Work instruction: Images are to be excluded, and the rest of the data repeated exactly.

Provided material:
- - -
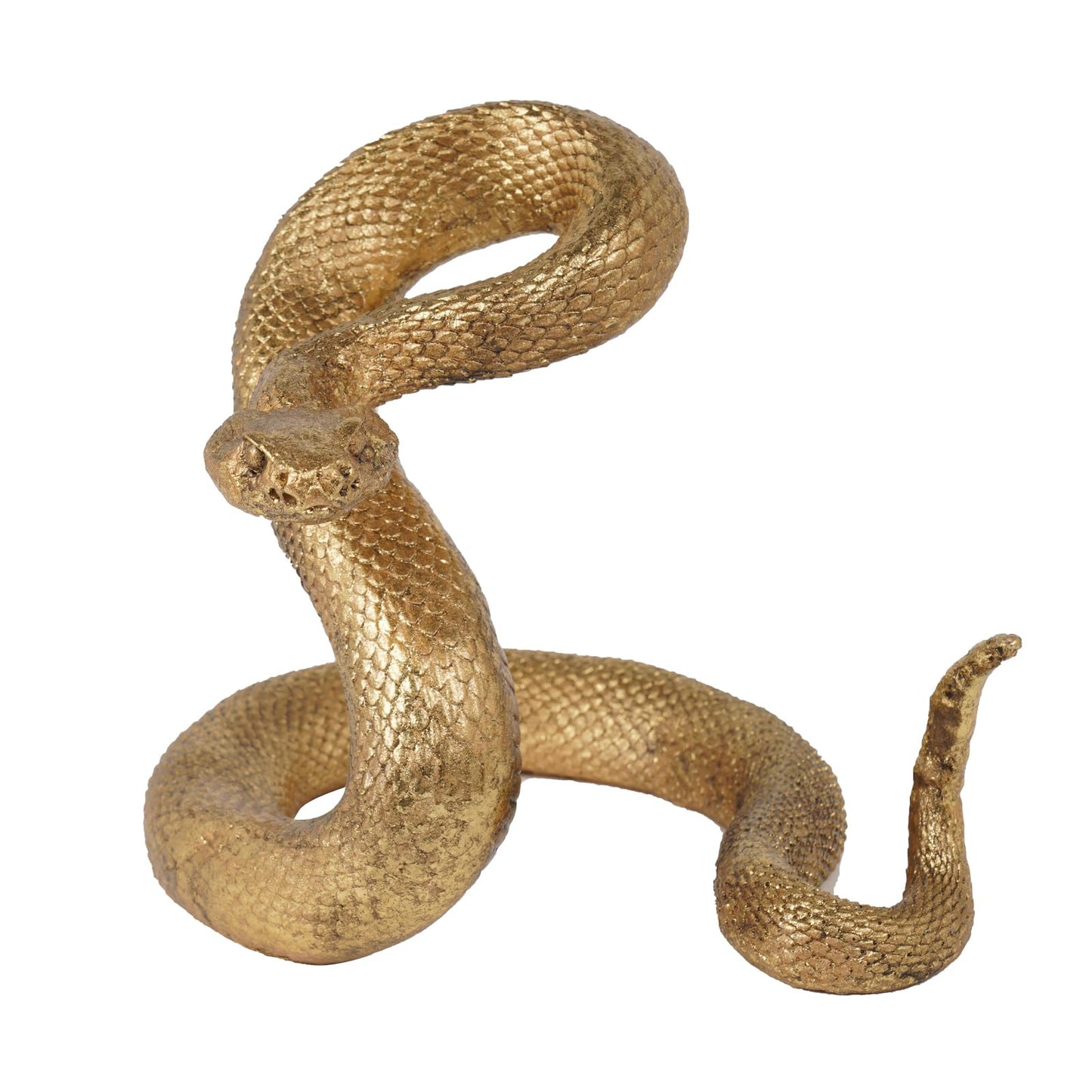 Guichifun Snake Statue Decor Collectible Figurines - Gold Resin Animal Chinese New Year Mascot Home Shelf Office Table Halloween Christmas Decoration 7.25 x 7.25 x 6.5 Inch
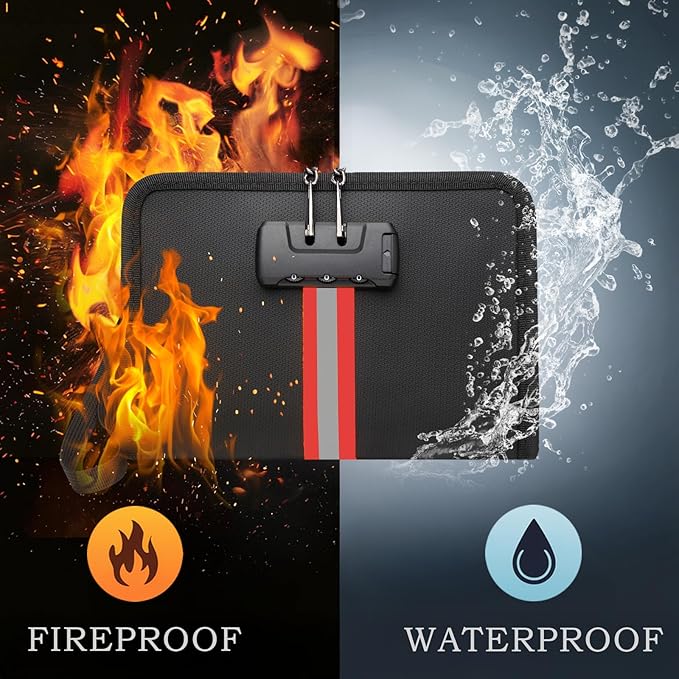 Fireproof Money Bag with Lock - 3600°F Fireproof & Waterproof Money Bag for Cash, 8"x5"x1.1" Password Lock Organizer Pouch for Valuables, Passports, Credit Cards, Home & Travel Security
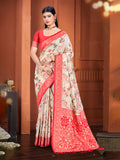 Sangam Prints Beige Cotton Silk With Meena Woven Work Traditional Saree | Grocsy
- - -
Answer box:
 Guichifun Snake Statue Decor Collectible Figurines - Gold Resin Animal Chinese New Year Mascot Home Shelf Office Table Halloween Christmas Decoration 7.25 x 7.25 x 6.5 Inch
 Fireproof Money Bag with Lock - 3600°F Fireproof & Waterproof Money Bag for Cash, 8"x5"x1.1" Password Lock Organizer Pouch for Valuables, Passports, Credit Cards, Home & Travel Security
 Sangam Prints Beige Cotton Silk With Meena Woven Work Traditional Saree | Grocsy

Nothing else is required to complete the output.